🤖 AI Summary
This work proposes a multi-granularity 3D part generation framework that explicitly models the human creative process—from abstract to detailed—to enable interactive 3D shape synthesis aligned with coarse-to-fine reasoning. The approach introduces an iterative splitting mechanism that learns the inverse of bounding box merging to generate structured part layouts. It comprises two stages: BoxSplitGen, which learns sequences of bounding box splits for controllable multi-granularity structure generation, and Box-to-Shape, a conditional diffusion model that translates these bounding boxes into fine-grained 3D geometries.
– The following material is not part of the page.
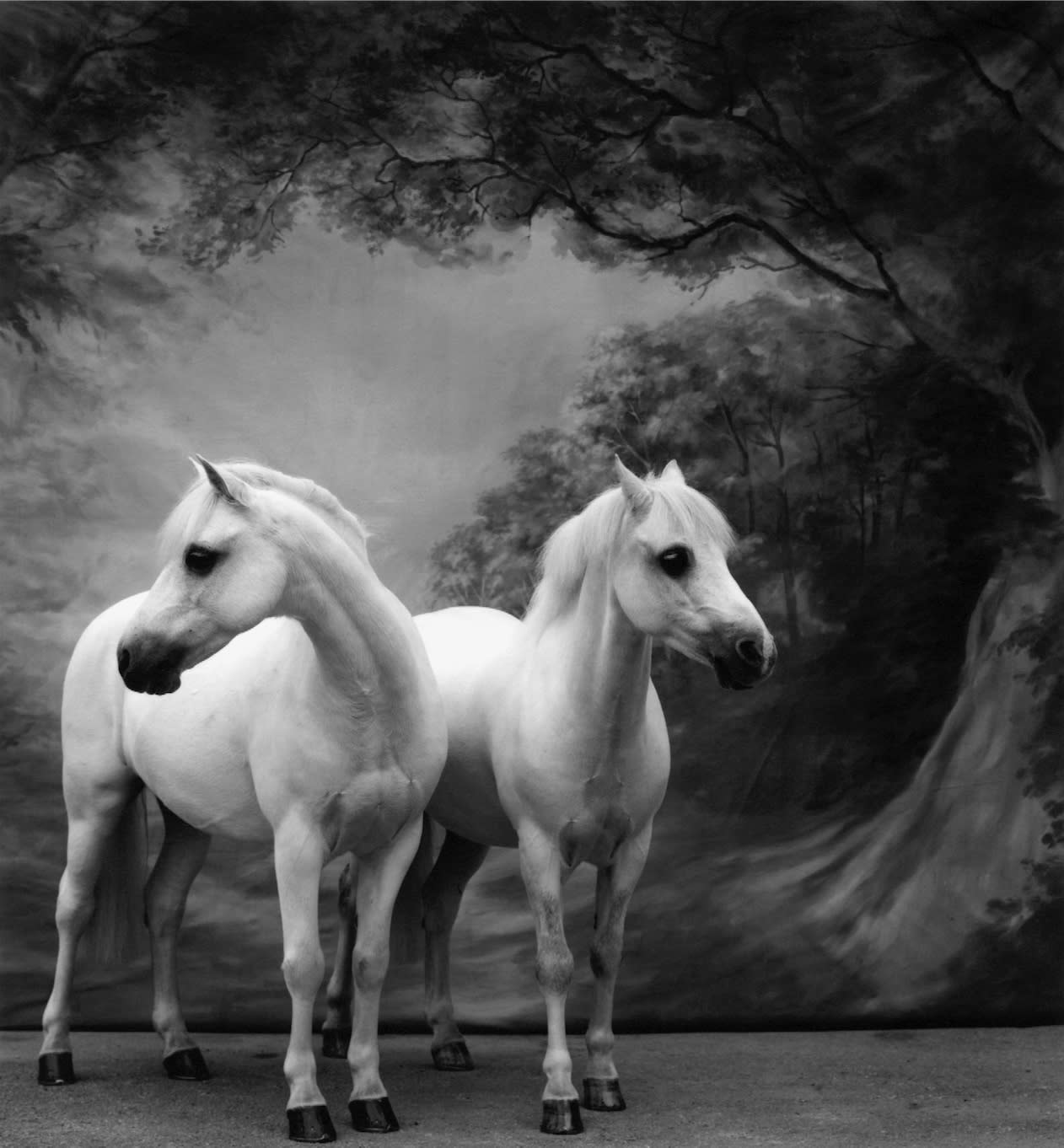 Sheila Rock, Horse No. 57, 2000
Experiments demonstrate that BoxSplitGen outperforms conventional token-prediction and unconditional inpainting methods in structural quality, while the full system achieves superior controllability and detail fidelity compared to existing approaches.
📝 Abstract
Human creativity follows a perceptual process, moving from abstract ideas to finer details during creation. While 3D generative models have advanced dramatically, models specifically designed to assist human imagination in 3D creation -- particularly for detailing abstractions from coarse to fine -- have not been explored. We propose a framework that enables intuitive and interactive 3D shape generation by iteratively splitting bounding boxes to refine the set of bounding boxes. The main technical components of our framework are two generative models: the box-splitting generative model and the box-to-shape generative model. The first model, named BoxSplitGen, generates a collection of 3D part bounding boxes with varying granularity by iteratively splitting coarse bounding boxes. It utilizes part bounding boxes created through agglomerative merging and learns the reverse of the merging process -- the splitting sequences. The model consists of two main components: the first learns the categorical distribution of the box to be split, and the second learns the distribution of the two new boxes, given the set of boxes and the indication of which box to split. The second model, the box-to-shape generative model, is trained by leveraging the 3D shape priors learned by an existing 3D diffusion model while adapting the model to incorporate bounding box conditioning. In our experiments, we demonstrate that the box-splitting generative model outperforms token prediction models and the inpainting approach with an unconditional diffusion model. Also, we show that our box-to-shape model, based on a state-of-the-art 3D diffusion model, provides superior results compared to a previous model.